S. L. : Ce sont les moins pauvres des pauvres qui ont réussi à venir jusqu’ici. En général, leurs possibilités de mobilité sociale ont été brisées par la guerre ou par l’état d’insécurité générale. Les Talibans ont littéralement fait disparaître le système d’enseignement, or beaucoup des migrants avaient entamé des processus de mobilité scolaire et professionnelle, qu’ils escomptent reprendre dans l’espace européen.

LGS : Fallait-il fermer Sangatte ?

S. L. : Sangatte doit fermer, personne ne peut dire que ce lieu doit rester ouvert. En soi, ce centre est un vrai scandale. Mais dans quelles conditions doit-il fermer ? Que faire des gens qui sont à l’intérieur, qui ne bénéficieront probablement pas tous d’une protection internationale et qui, en majorité, ne solliciteront pas un retour volontaire ? Et que faire des gens arrivés après le 5 novembre ?

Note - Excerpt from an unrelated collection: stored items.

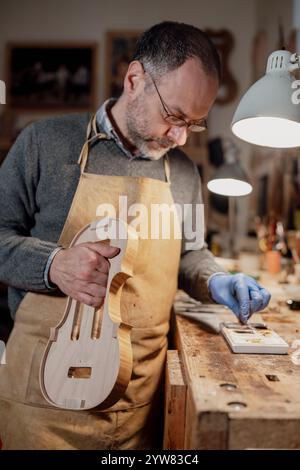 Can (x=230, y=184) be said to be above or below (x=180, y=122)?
below

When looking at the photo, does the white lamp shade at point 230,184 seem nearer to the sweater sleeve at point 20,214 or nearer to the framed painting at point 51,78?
the sweater sleeve at point 20,214

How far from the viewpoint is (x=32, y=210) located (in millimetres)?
1842

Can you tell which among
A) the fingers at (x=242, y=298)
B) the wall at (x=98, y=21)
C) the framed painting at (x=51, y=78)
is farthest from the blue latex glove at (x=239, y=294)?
the framed painting at (x=51, y=78)

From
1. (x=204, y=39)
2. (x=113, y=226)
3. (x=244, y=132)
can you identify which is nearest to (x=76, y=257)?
(x=113, y=226)

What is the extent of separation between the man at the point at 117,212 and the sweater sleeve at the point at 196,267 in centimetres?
1

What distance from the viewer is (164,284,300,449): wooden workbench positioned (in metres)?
1.01

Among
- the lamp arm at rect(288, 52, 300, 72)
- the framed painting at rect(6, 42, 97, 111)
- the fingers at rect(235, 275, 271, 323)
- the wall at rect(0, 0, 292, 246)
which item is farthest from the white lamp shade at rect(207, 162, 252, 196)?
the framed painting at rect(6, 42, 97, 111)

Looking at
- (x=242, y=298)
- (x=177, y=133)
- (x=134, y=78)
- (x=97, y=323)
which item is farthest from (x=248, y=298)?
(x=134, y=78)

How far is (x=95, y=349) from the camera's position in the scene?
4.65 ft

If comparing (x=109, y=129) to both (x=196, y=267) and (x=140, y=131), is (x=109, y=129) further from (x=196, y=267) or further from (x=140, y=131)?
(x=196, y=267)

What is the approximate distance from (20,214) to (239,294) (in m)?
0.90

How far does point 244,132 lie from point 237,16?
4449 mm

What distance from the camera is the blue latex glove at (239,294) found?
67.4 inches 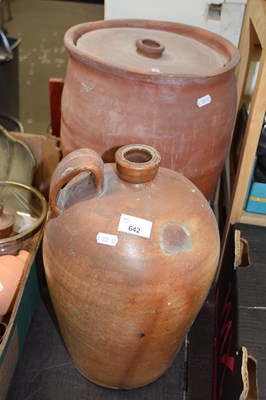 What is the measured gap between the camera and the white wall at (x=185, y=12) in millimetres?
1631

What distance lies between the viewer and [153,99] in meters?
1.20

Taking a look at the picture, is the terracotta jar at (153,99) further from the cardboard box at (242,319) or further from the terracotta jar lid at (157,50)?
the cardboard box at (242,319)

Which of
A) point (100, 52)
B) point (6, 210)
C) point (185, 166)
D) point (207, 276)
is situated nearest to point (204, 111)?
point (185, 166)

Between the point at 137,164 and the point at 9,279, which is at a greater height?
the point at 137,164

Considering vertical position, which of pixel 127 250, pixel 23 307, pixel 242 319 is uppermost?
pixel 127 250

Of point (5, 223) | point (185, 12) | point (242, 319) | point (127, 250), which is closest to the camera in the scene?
point (127, 250)

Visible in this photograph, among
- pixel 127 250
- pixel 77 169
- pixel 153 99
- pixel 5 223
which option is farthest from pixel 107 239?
pixel 5 223

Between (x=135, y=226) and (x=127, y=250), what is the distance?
5 cm

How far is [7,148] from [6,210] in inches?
11.2

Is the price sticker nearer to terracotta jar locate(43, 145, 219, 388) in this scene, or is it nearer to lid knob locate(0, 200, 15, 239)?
terracotta jar locate(43, 145, 219, 388)

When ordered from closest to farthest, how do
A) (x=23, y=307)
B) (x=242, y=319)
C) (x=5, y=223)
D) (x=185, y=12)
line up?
(x=242, y=319) → (x=23, y=307) → (x=5, y=223) → (x=185, y=12)

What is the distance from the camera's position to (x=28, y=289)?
1306 millimetres

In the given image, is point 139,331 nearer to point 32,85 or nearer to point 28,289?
point 28,289

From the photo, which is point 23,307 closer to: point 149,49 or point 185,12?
point 149,49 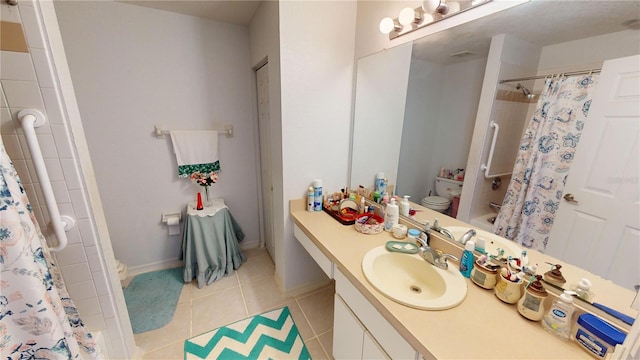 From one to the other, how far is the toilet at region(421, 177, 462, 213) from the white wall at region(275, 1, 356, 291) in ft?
2.36

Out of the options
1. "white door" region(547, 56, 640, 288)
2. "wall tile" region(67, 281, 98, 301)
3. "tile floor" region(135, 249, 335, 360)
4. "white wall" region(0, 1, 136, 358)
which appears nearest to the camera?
"white door" region(547, 56, 640, 288)

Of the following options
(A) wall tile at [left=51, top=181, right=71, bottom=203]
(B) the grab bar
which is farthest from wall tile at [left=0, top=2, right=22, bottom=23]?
(A) wall tile at [left=51, top=181, right=71, bottom=203]

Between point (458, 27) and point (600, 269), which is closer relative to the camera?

LGS : Qu’en est-il des réseaux de passeurs, on parle de mafias.

S. L. : Il y a sans aucun doute des mafias qui font commerce du passage illicite de personnes. Il existe de véritables petites entreprises qui mobilisent des navires et ont des salariés, qui ne peuvent fonctionner sans l’assentiment de leurs États - on ne peut pas embarquer 400 personnes dans un port sans complicité objective de l’État. Leurs dirigeants sont généralement proches des États, en particulier des États autoritaires et des États sous-développés.
En revanche, ce ne sont pas de grandes organisations mafieuses qui font passer les réfugiés en Angleterre, mais de petits réseaux que la police connaît parfaitement. Parfois, on a affaire à des passeurs qui ne jouent ce rôle que le temps du passage - ils ont essayé plusieurs fois, ont échoué, n’ont plus d’argent mais sont dotés d’une expérience pratique et d’une connaissance des lieux qu’ils mettent à disposition des autres candidats au passage.